Women in the nineteenth century lived under the total oppression of men in all domains of life. Patriarchal society was commonly structured around the notion that a woman, after marriage, lost her liberty and was completely dependent on her husband’s will and decisions. Women had no freedom and were not very much different from enslaved African Americans; therefore, the relationship between masters and slaves was practically the same as between husbands and wives (O’Connor, 1996). After marriage, women had to obey the authority of men, lost their rights to have possessions, did not have the liberty to perform independently in social, economic, and political life, as well as did not have a right to use their earnings (Foner, 2017). Moreover, no divorce laws existed in the legal dimension, which is why women’s status of individuals without rights was bound to inevitability (Foner, 2017). In the context of the emerging changes in the legal status of slaves and African Americans, women started to enforce their demands for equality. Thus, the suffrage movement incepted, and an almost a century-long journey of fighting for women’s right to vote began.
The Inception of the Suffrage Movement
Seneca Falls Convention
The results of the Civil War contributed to the advancement of the principles of democracy in the U.S. The scope of American democracy was limited to male participation, where women did not have the power of influence but only performed as housewives who took care of their homes and families. Such inadequacy in the role distribution between genders was the driving force of the women’s rights movement. Numerous female activists, including Elizabeth Cady Stanton, Mary M’Clintock, Lucretia Mott, Martha Coffin Wright, Jane Hunt, and others, believed that the unified efforts could raise awareness about the importance of the advancement in women’s rights (O’Connor, 1996). They launched campaigns, created organizations, and documents that were aimed at strengthening women’s positions in economic, social, religious, and political domains on the principles of equality regardless of gender.
Seneca Falls Convention was one of the most important efforts made by the activists because it set the fundamental background for multifaceted and detailed formal claims for women’s equal rights that became the basis for further protests. Elizabeth Cady Stanton, as one of the most influential leaders within the movement, decided to organize a convention in the form of “a public meeting for protest and discussion” (O’Connor, 1996, p. 659). In July 1848, 300 people gathered in Seneca Falls for the first women’s rights convention that brought to the discussion some most tentative issues concerning the hardships to which females were exposed to in their daily life. Continuous oppression and subordination that failed to recognize women as equal to men and lawful citizens of the United States of America were the root problems that the activists planned to resolve.

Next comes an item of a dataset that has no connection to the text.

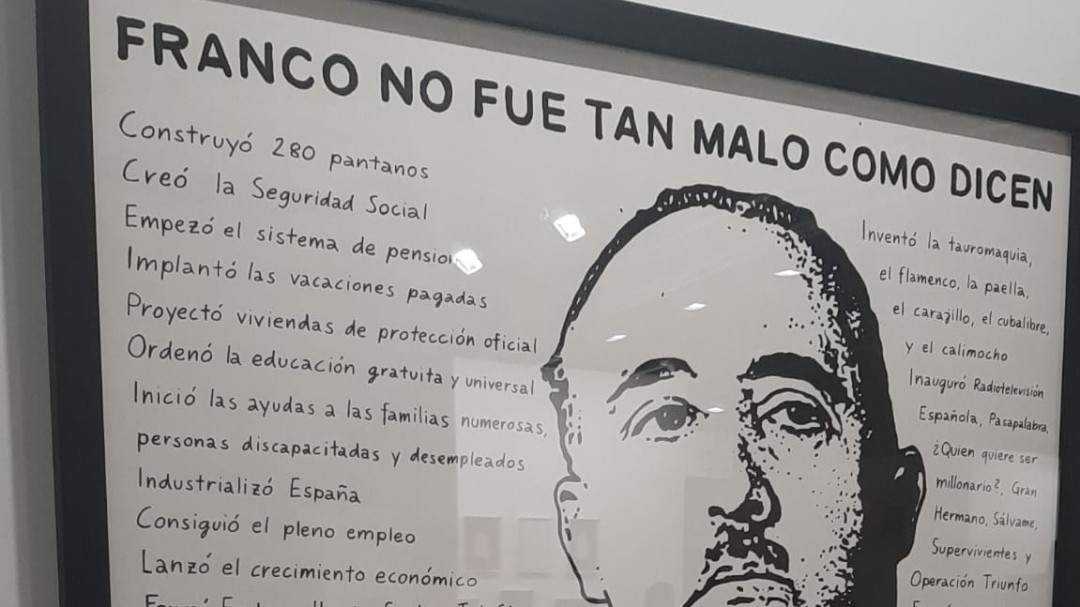 Franco vuelve a colarse en ARCO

Declaration of Sentiments and Resolutions
The document that gained the historical significance was the Declaration of Sentiments and Resolutions of 1848 that was proclaimed and discussed during the Seneca Falls Convention. For several days, the participants of the convention actively discussed the most tentative issues that they planned to include in the agenda of the women’s rights protests. Elizabeth Cady Stanton, as the leader of the organizing group, sought to enlist a number of demands based on the facts of women’s oppressed status. She wrote the Declaration of Sentiments with the priorities set on the necessity to provide women with the right to participate in social, economic, religious, and political life. The starting point of the document related to the fundamental claim that “all men and women are created equal; that they are endowed by their Creator with certain inalienable rights; that among these are life, liberty, and the pursuit of happiness” (Hill, 2006, p. 152). With such groundbreaking assertiveness of self-evident truths, Stanton and her supporters validated the legality of their demands and appealed to the unjust superiority of men in the patriarchal society that contradicted the basic constitutional principles.

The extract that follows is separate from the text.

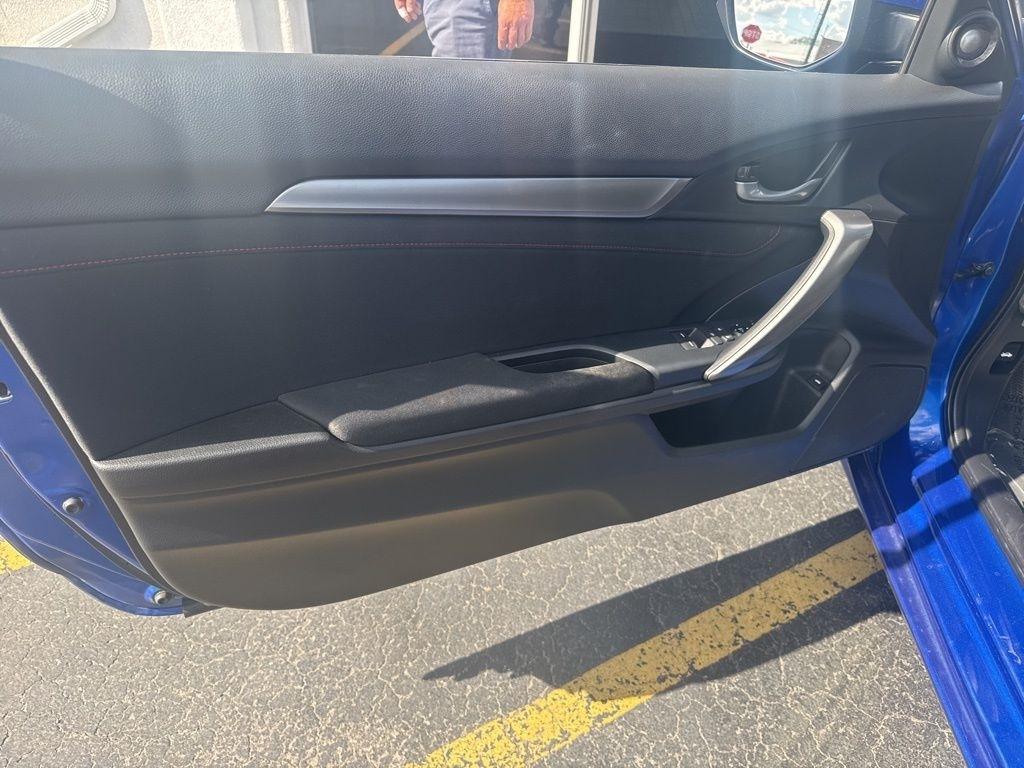 Honda Civic Si Coupe Manual w/Summer Tires 2020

The key resolution that had a decisive impact on the development of the following events was the ninth resolution concerning the right to vote. It is important to note that ten out of eleven resolutions were voted unanimously by the convention participants and did not imply any controversy as per their relevance to the current state American women were in. Indeed, all members supported the necessity of promoting the right to have property and wages, have civil rights equal to men’s, have an independent moral responsibility, have equal access to employment and education, and the importance of women’s freedom of choice in the religious domain (Hill, 2006). However, the most controversial and the only resolution that was not supported unanimously was the ninth resolution, which resolved that “it is the duty of the women of this country to secure to themselves their sacred right to the elective franchise” (Hill, 2006, p. 152). It was the moment when the disruption within the movement started due to the difference in the opinions about women’s suffrage.

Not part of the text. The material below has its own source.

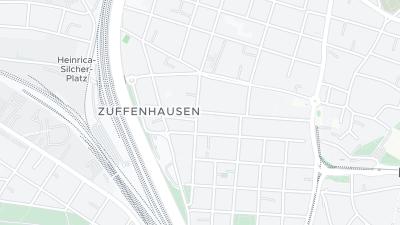 호텔 위치 지도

The Importance of the Right to Vote
The disagreement concerning the revolutionary demand of the leaders of the Seneca Falls Convention to obtain women’s rights to have a vote in elections marked the onset of the suffrage movement. The unity and strong collaborative actions were the essential constituents of the powerful movement. However, without unanimous support of such a decisive issue as voting rights, the success of the campaign seemed to be threatened. Despite the lack of complete support, the claims made by Stanton had solid logical and legal ground. Indeed, as it was stated in the Declaration of Sentiments, women lived in the world ruled and governed by men where the problems and issues relevant to male citizens were prioritized. Thus, Stanton and her supporters strongly believed that it was unjust and illegal that women were forced to abide by the laws in the creation of which they did not participate (Hill, 2006). Therefore, the legislative branch of power was a strategically important target for the women’s rights agenda.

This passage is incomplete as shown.